### Activity
Output the data below exactly, without images.

### Extracted data
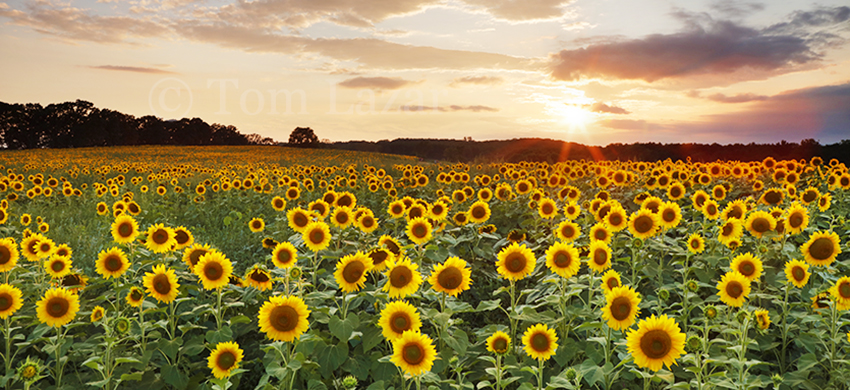 Sunflowers in field at sunset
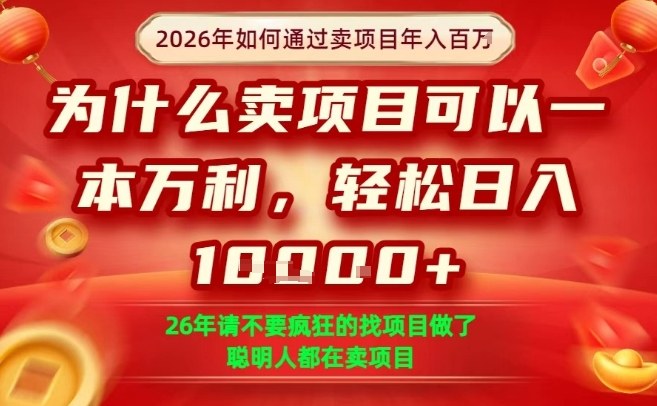一单净利润1K+，26年想年入100个W，死磕卖项目就够了【揭秘】-琴书聊项目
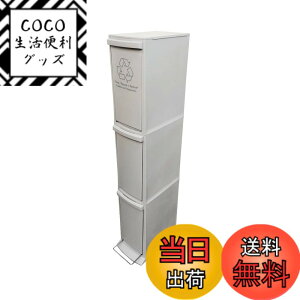 �y���������zAZUMAYA �_�X�g�{�b�N�X �F�F�O���[�A�T�C�Y�F3D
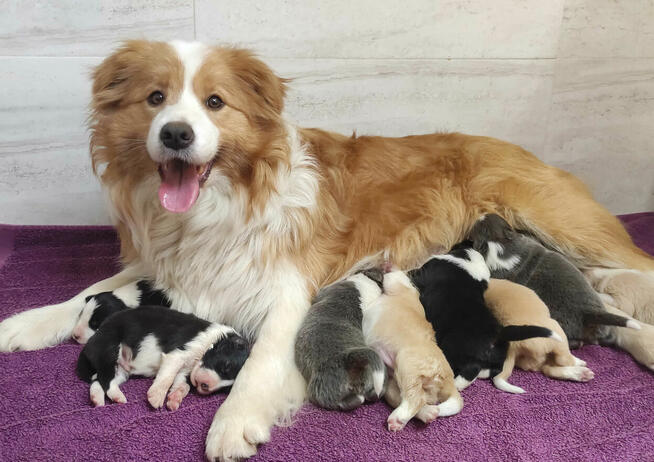 BORDER COLLIE, klasyk z dokumentami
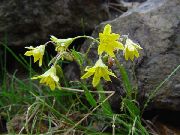 Πρώιμη Αστέρι-Of-Βηθλεέμ κίτρινος λουλούδι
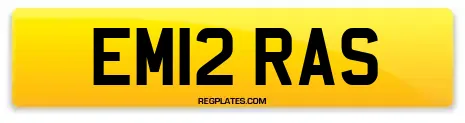 EM12 RAS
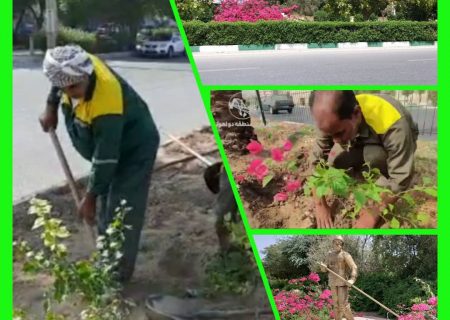 آغاز عملیات طرح تنوع بخشی فضای سبز شهر اهواز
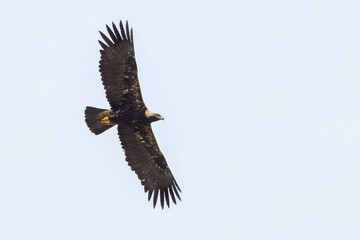 Keizerarend, Eastern Imperial Eagle, Aquila heliaca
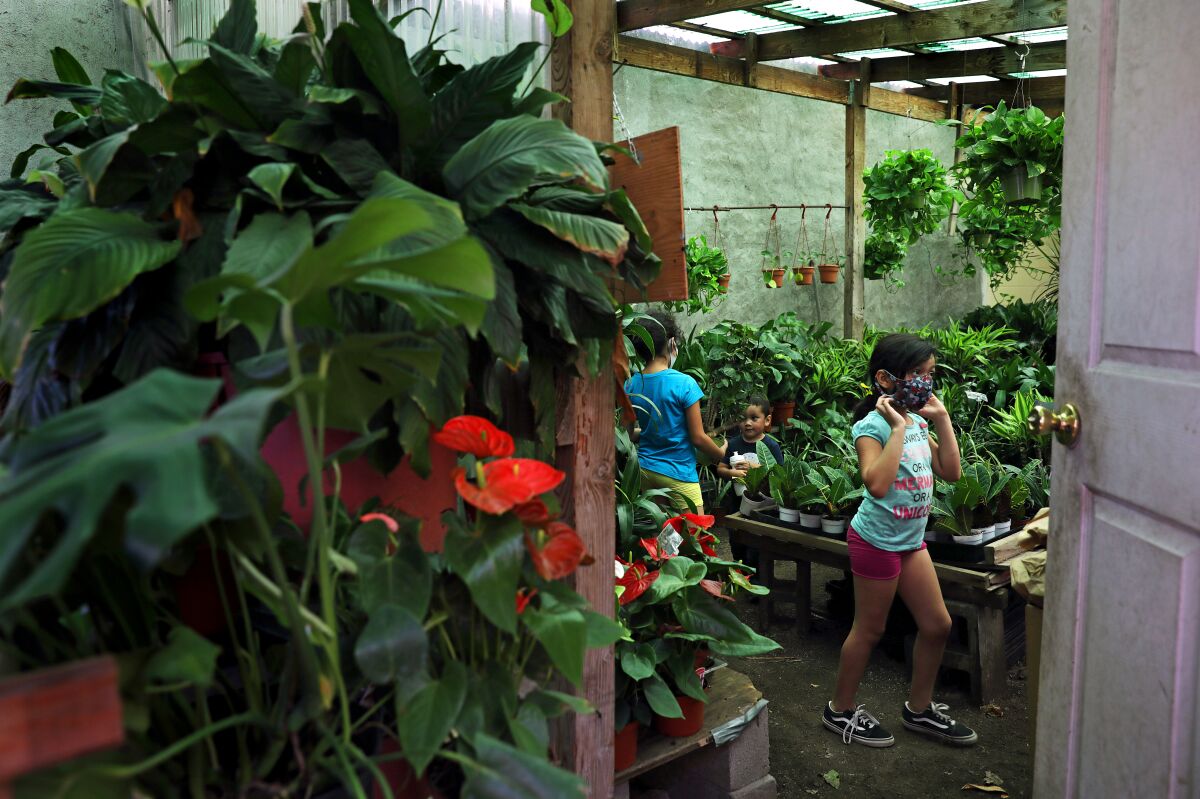 Young customers play around the "green room" where the houseplants reside at Avalon Nursery & Ceramics.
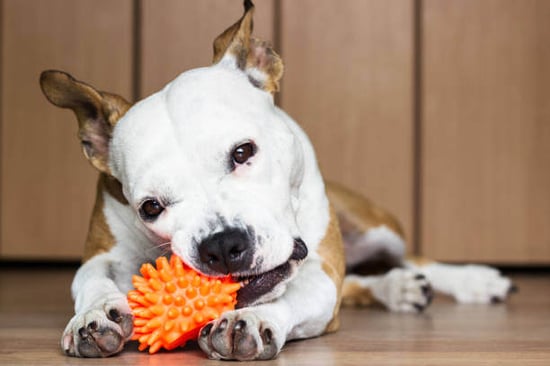 Enrichment Methods for Dogs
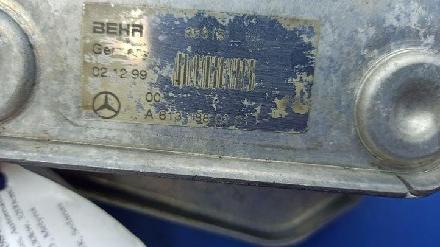Kühler Mercedes-Benz S-Klasse (W220) A6131880201
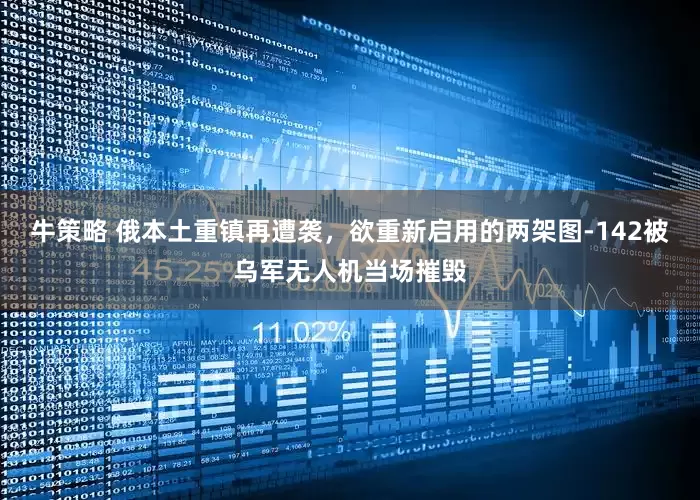 牛策略 俄本土重镇再遭袭，欲重新启用的两架图-142被乌军无人机当场摧毁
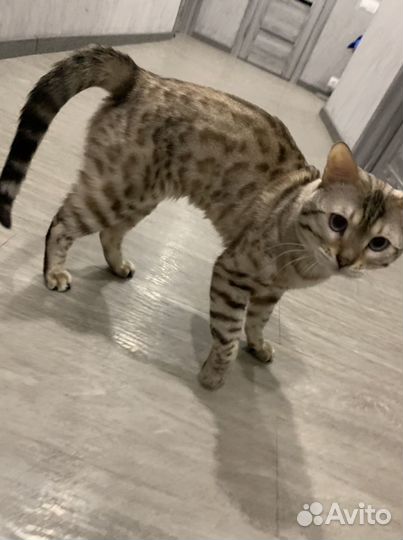 Вязка бенгальский кот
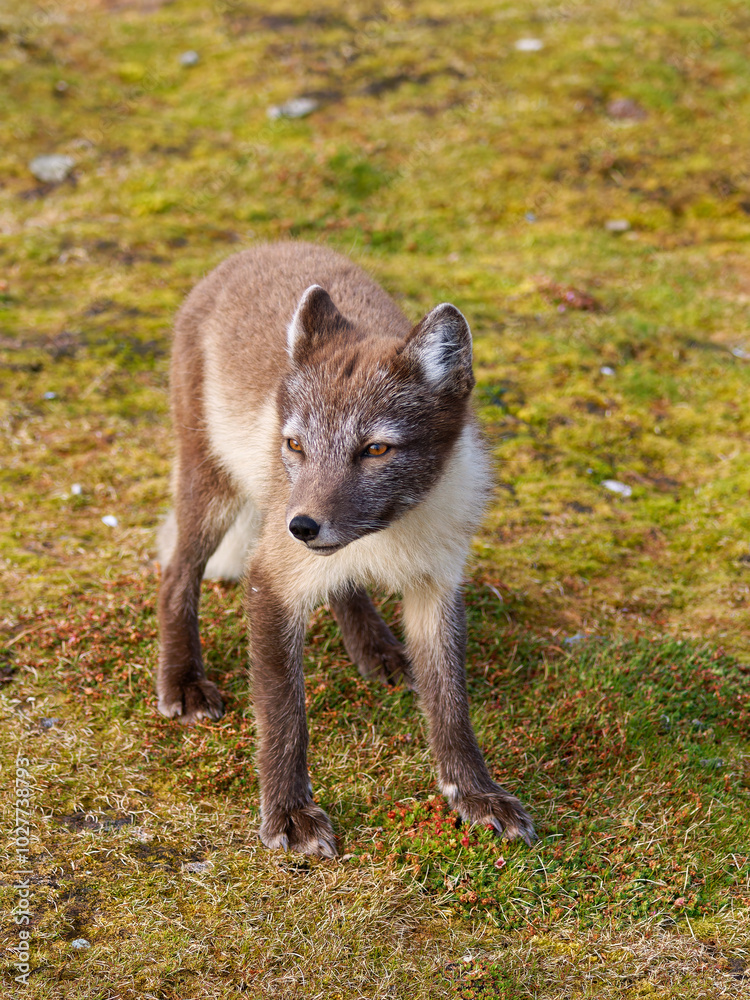 Arctic Fox Cub during the Summer, Gnålodden, Hornsund fjord, Spitzbergen, Svalbard Arctic Fox Cub during the Summer, Gnålodden, Hornsund fjord, Spitzbergen, Svalbard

### Exercise output
 Sunflowers in field at sunset
一单净利润1K+，26年想年入100个W，死磕卖项目就够了【揭秘】-琴书聊项目
 �y���������zAZUMAYA �_�X�g�{�b�N�X �F�F�O���[�A�T�C�Y�F3D
 BORDER COLLIE, klasyk z dokumentami
 Πρώιμη Αστέρι-Of-Βηθλεέμ κίτρινος λουλούδι
 EM12 RAS
 آغاز عملیات طرح تنوع بخشی فضای سبز شهر اهواز
 Keizerarend, Eastern Imperial Eagle, Aquila heliaca
 Young customers play around the "green room" where the houseplants reside at Avalon Nursery & Ceramics.
 Enrichment Methods for Dogs
Kühler Mercedes-Benz S-Klasse (W220) A6131880201
 牛策略 俄本土重镇再遭袭，欲重新启用的两架图-142被乌军无人机当场摧毁
 Вязка бенгальский кот
 Arctic Fox Cub during the Summer, Gnålodden, Hornsund fjord, Spitzbergen, Svalbard Arctic Fox Cub during the Summer, Gnålodden, Hornsund fjord, Spitzbergen, Svalbard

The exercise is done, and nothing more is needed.